YORULDUN MU GÜVERCİN

Print Friendly, PDF & Email

Sesli Dinle

 

Nuray Başsüllü

İki hafta kadar önce, yoldaki kumruları görünce, posta güvercinlerini düşünmüştü Gülin; acaba zamanında nasıl iletişim sağlamışlardı diye.

Nedense… ne alaka ise…. “İşte kumruları görüp posta güvercinine bağlanmak tam da bana yakışan bir şeydir herhalde” diye söylendi. Sonra Aziz Pavlov’u (!)  ve meşhur şartlanmalarını yad etti. Birden harika bir fikir geldi aklına; sol elinin baş ve orta parmaklarını şıklattı ve sevinçle “bir güvercin edinip şartlandırmalıyım kendime” diye yerinde dans etmeye başladı.

Ama sonra “şimdi modern zamanlar eskisi gibi değil ki, zavallı güvercini her yere gönderemem ki…” diye düşündü.

“Hoş, kapitalist zamanın çocuğu olarak, o güvercinin suyunu çıkarıncaya kadar her yere yetişmesini talep ederse ve bunun için de ölmeyeceği kadar yem verirse ve derse ki ne kadar çok çalışırsan o kadar çok yemin olur, yükselirsin, herkes senden bahseder, meşhur olursun ve hatta sana çalışkan güvercin ödülü de veririz,  ki bu önemli, prestijli bir ödül; lezzetli yemlerin yanında ohooooo ! diye Pavlov’a bile ters takla attıracak bir şartlandırma verirse;  artık o güvercin neyi arzuluyorsa gönlünde,  dolaylı olarak kendisine de tapacaktır “diye düşünürken buldu kendini.

-“Ama yazık ben öyle yapmayayım” dedi.

-“Evet yolu biliyorum ama bunu uygulamak istemiyorum. Her şeyi tek bir güvercine yüklemeyeyim. Zaten görev tanımı gibi bir kavram da var. En iyisi herkes için ayrı güvercinler almak” diye karar verdi. Böylece cep telefonu denilen illetten de kurtulmuş olacaktı. O zaman da yanında bir sürü güvercin ile dolaşması gerekiyordu. Malum artık çok iletişme  zamanlarındayız. Sonra “ Gülin ve Güvercinleri !! “ diye düşündü; bastı kahkahayı. Böyle de olmazdı ki!

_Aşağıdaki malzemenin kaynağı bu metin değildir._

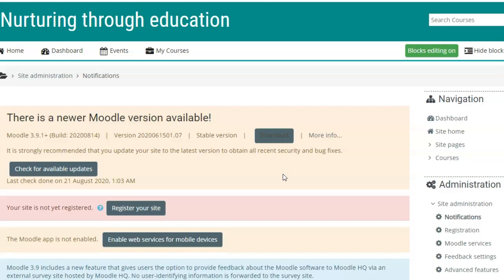So we have successfully set up the cron job on Moodle, and it is automatically set to execute every one minute. If you found this tutorial helpful, please subscribe to the channel. Thank you very much.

O zaman bir tane güvercinin  sürekli yanında olmasına karar verdi. Has Güvercin,  namı diğer Sağ Kolum Güvercin. Sağ Kolum Güvercin’e güvercinler arası iletişim kurmayı öğretse ve diğer güvercinlere de onunla mesaj yollasa, o güvercinler de ilgili yerlere mesajı iletse !

“İşte budur !” dedi.

Tabi bunlar uçuk hayaller!

Gerçekte posta güvercinleri nasıl yön bulur ve doğru hedefe ulaşır;  henüz bilmiyordu. O dönem bunu araştıracak zamanı da yoktu. Hala da yok ya, neyse. Tıpkı şimdiki gibi yetiştirilmesi gereken işler vardı ve çalışkan Gülin ödülünü almak istiyorsa, güvercinlerin yönlerini nasıl bulduklarını merak etmeyi, merak etmemesi gerekiyordu.

Serbest çağrışımla kumrulardan güvercine, oradan Sağ Kolum Güvercin’e bağlanmasına neden olan, pilinin tükenip yorgunluktan uyuyup kaldığı ve cep telefonunu duymadığı ya da telefonun da pilinin bittiği krizinin yaşandığı o geceden bu yana, tam on yıl geçmiş. Aradan on yıl geçmiş ama ne Gülin değişmiş, ne olaylar, ne de etrafında dönen gerçekler. Yorulmuş bir güvercin olarak hem yaşamla, hem kendiyle iletişim sorumluluğunu almak yerine; cep telefonlarına, sisteme çamur atmış, hatta kafa tutmuş, mızıldamış durmuş.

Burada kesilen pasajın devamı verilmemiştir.